Records provided:

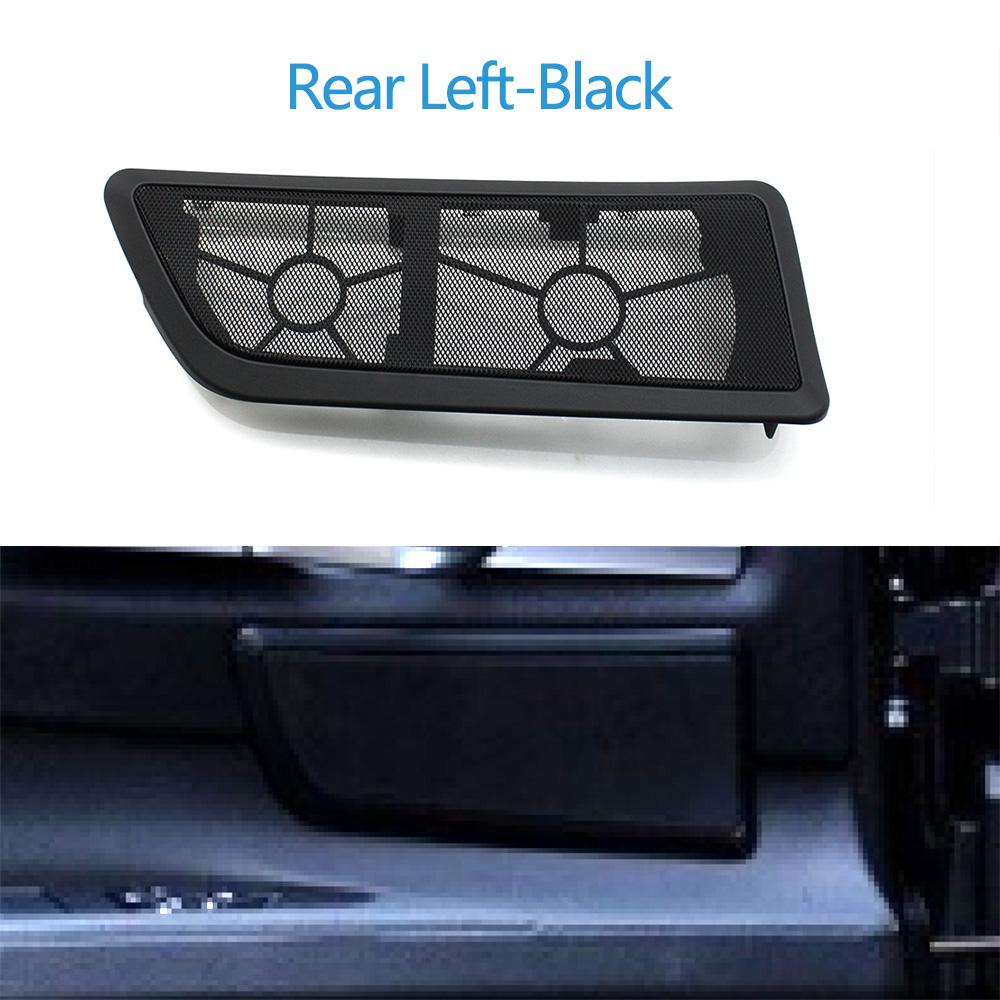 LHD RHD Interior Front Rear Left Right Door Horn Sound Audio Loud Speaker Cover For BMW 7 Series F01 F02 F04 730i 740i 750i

* * *

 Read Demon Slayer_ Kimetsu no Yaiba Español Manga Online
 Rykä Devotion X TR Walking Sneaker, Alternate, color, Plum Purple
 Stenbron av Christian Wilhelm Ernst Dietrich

Problem to solve:
Please reproduce, exactly as they appear above, the lines from the line containing "Rykä Devotion X" up to and including the line containing "Stenbron av Christian Wilhelm Ernst Dietrich".

Answer area:
 Rykä Devotion X TR Walking Sneaker, Alternate, color, Plum Purple
 Stenbron av Christian Wilhelm Ernst Dietrich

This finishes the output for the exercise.